(Try it): Take the lines below from the one with "Renovatie Kantoor |" through the one with "طريق المطار" and print only them, exactly. Don't print the pictures.

(Listed records):
★ ★ ★ ★ ★ ★ ★
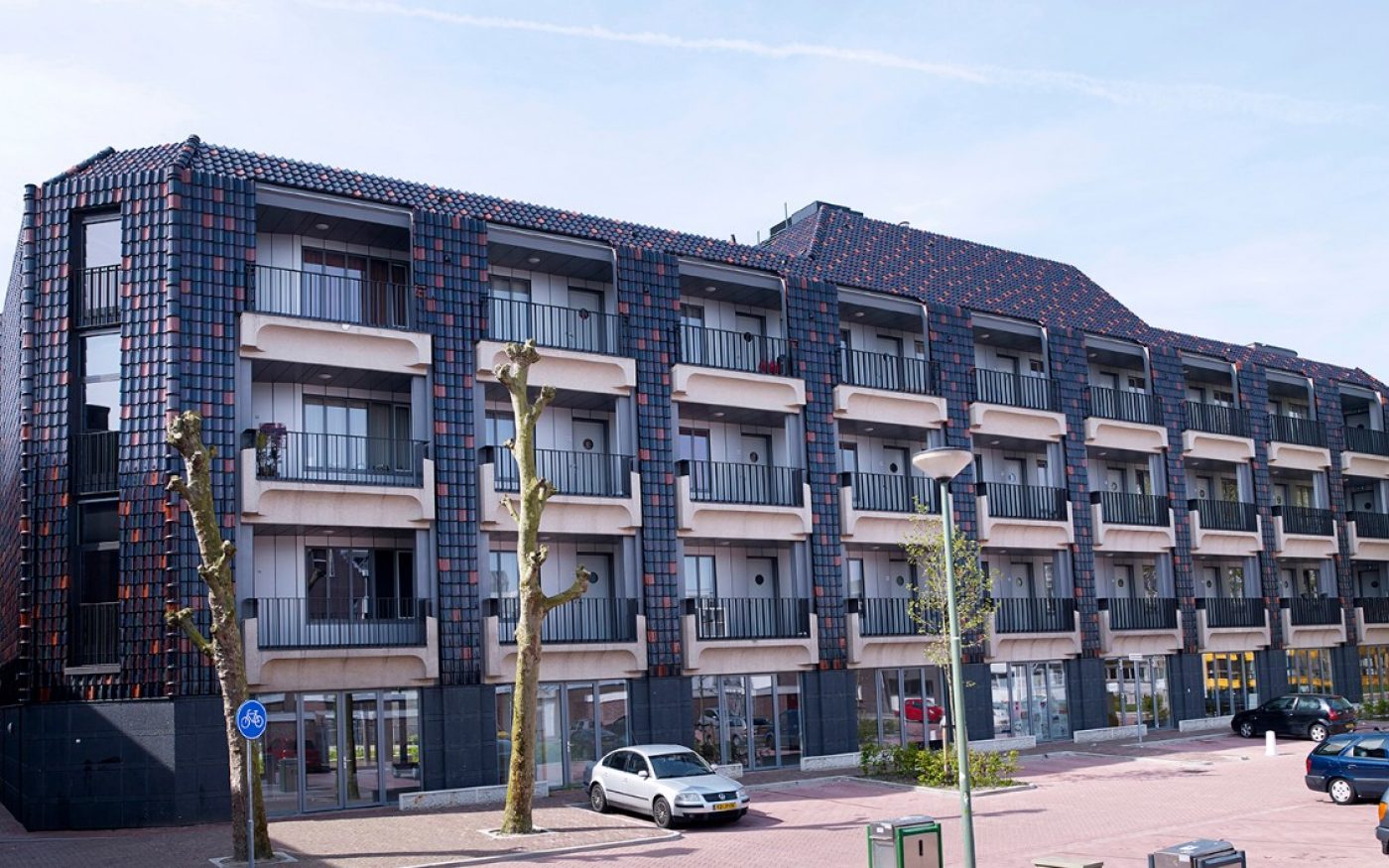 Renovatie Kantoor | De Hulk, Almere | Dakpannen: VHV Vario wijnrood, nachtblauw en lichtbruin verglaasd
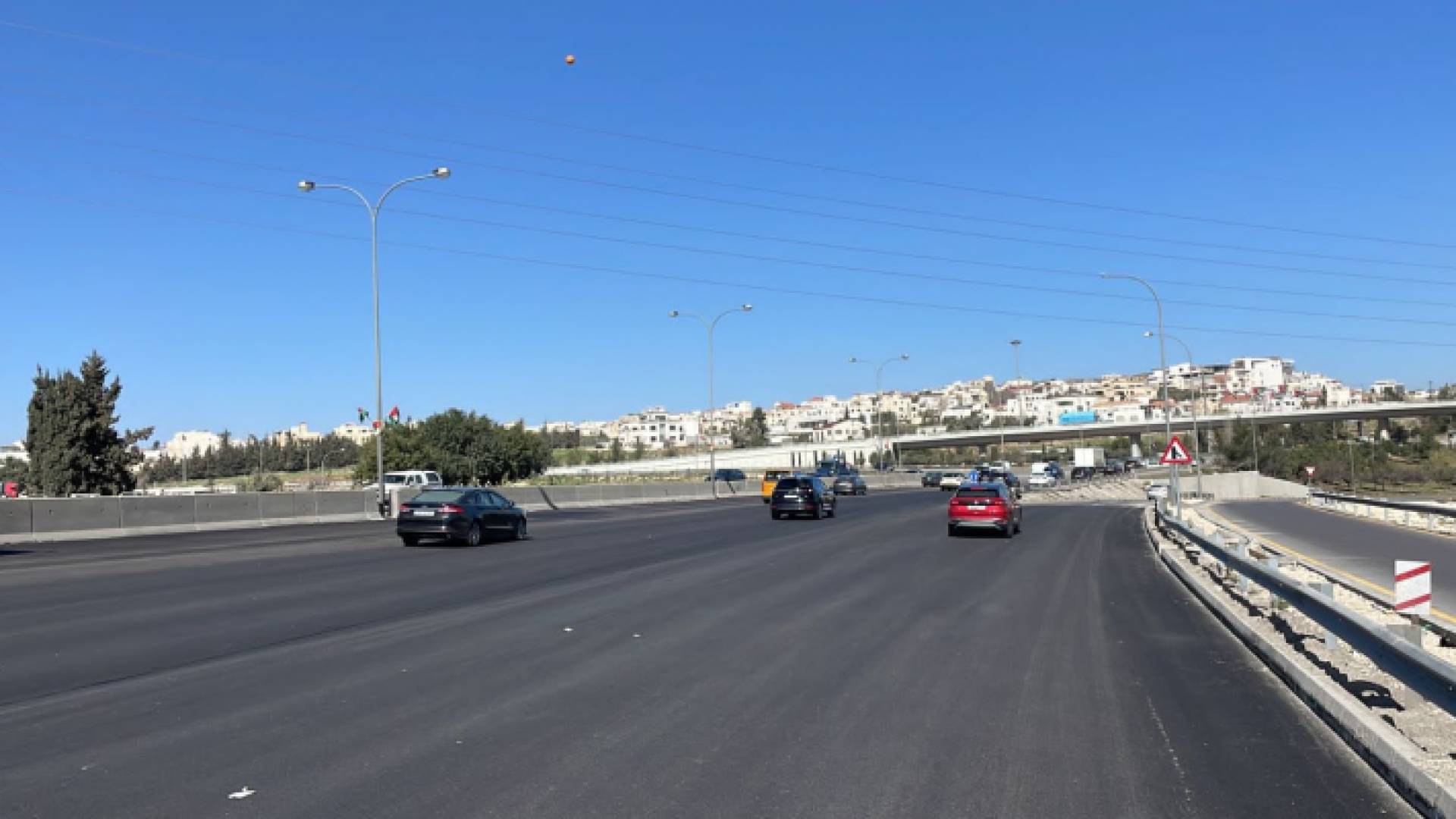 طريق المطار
★ ★ ★ ★ ★ ★ ★
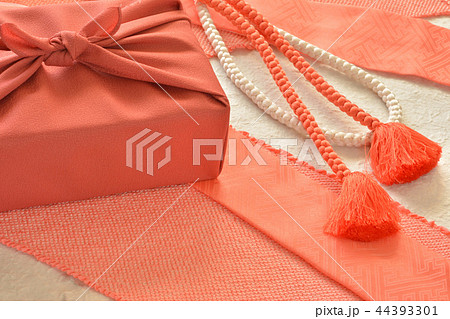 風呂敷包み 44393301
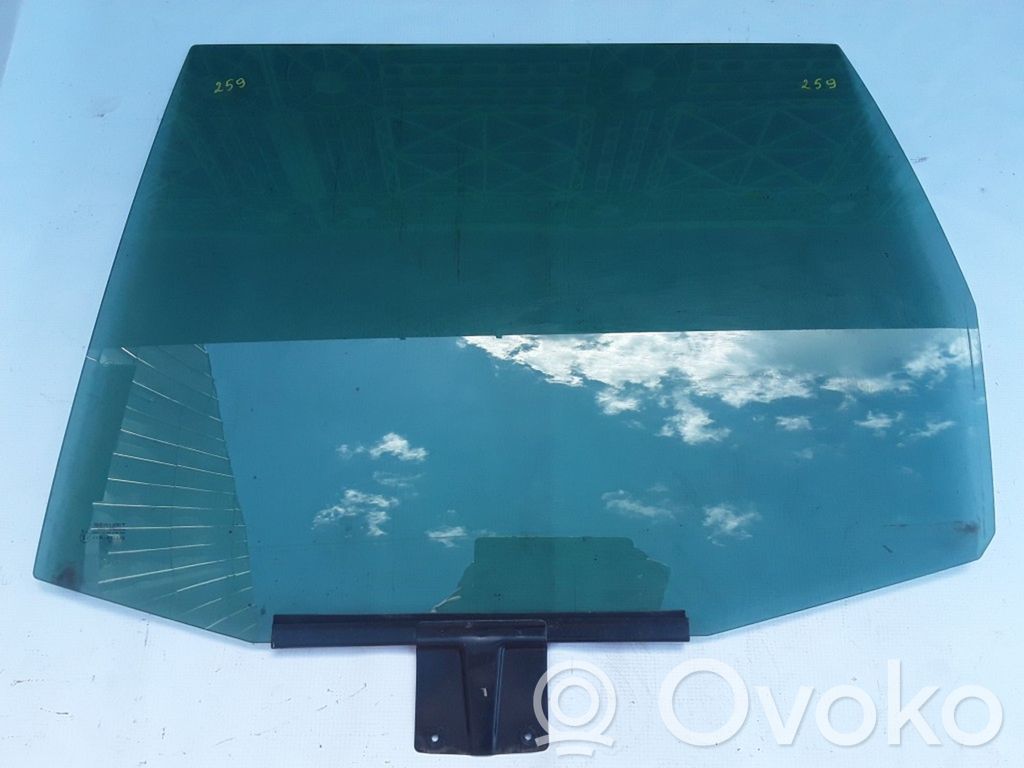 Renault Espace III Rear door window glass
★ ★ ★ ★ ★ ★ ★
(Finished exercise):
 Renovatie Kantoor | De Hulk, Almere | Dakpannen: VHV Vario wijnrood, nachtblauw en lichtbruin verglaasd
 طريق المطار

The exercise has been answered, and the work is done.